# TASK:
From the entries that follow, copy each line in which "image" appears.
** Opening DATASET EXCERPTS block **
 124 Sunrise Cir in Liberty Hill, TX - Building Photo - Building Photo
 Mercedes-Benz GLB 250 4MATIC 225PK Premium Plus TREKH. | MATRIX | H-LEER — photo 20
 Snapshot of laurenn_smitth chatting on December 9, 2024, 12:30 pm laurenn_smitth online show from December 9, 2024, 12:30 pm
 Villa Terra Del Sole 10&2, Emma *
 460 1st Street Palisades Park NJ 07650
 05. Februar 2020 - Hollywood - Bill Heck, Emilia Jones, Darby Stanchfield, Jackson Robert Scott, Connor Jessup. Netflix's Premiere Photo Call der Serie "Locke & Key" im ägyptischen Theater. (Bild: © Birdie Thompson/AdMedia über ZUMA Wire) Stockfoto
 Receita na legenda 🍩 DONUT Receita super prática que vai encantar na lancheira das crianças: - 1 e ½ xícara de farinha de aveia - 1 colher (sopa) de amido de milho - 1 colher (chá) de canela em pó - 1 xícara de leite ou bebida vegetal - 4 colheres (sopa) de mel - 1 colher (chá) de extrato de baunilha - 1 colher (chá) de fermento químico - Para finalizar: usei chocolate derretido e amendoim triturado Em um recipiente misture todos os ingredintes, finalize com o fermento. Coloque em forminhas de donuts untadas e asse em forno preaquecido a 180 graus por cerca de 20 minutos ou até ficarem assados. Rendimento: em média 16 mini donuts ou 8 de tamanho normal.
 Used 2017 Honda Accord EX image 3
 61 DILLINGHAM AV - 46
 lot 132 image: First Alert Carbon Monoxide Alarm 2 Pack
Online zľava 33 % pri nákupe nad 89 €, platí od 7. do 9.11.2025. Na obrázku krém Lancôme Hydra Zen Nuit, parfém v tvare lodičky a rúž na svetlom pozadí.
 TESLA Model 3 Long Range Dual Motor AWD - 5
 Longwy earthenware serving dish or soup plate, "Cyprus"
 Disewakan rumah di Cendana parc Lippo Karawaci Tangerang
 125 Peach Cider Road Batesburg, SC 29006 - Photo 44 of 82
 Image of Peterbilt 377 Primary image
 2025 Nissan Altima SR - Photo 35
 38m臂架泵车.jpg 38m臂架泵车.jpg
** Closing DATASET EXCERPTS block **
# RESULT FOR THIS EXERCISE:
 Used 2017 Honda Accord EX image 3
 lot 132 image: First Alert Carbon Monoxide Alarm 2 Pack
 Image of Peterbilt 377 Primary image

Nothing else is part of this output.